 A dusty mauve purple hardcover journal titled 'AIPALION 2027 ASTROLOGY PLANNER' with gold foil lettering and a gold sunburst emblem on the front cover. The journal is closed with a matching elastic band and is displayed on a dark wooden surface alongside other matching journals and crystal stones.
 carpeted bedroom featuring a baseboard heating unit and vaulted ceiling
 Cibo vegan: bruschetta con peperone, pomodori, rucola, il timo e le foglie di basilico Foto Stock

*****

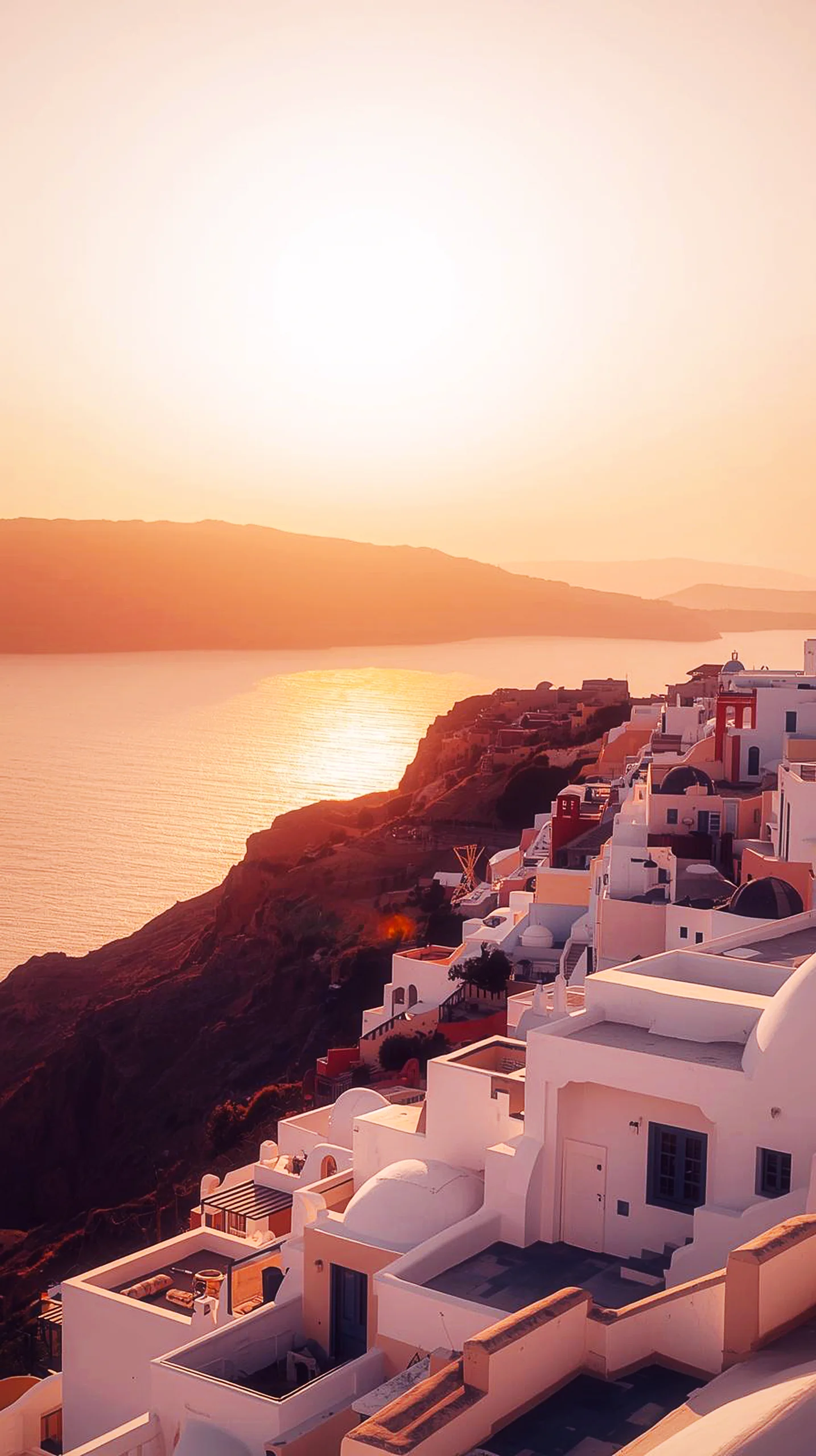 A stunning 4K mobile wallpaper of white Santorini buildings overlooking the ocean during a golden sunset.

*****

Your objective: Could you restate word for word the lines above from the one containing "A dusty mauve" through the one containing "carpeted bedroom featuring", both included, and nothing else?

Result of the task:
 A dusty mauve purple hardcover journal titled 'AIPALION 2027 ASTROLOGY PLANNER' with gold foil lettering and a gold sunburst emblem on the front cover. The journal is closed with a matching elastic band and is displayed on a dark wooden surface alongside other matching journals and crystal stones.
 carpeted bedroom featuring a baseboard heating unit and vaulted ceiling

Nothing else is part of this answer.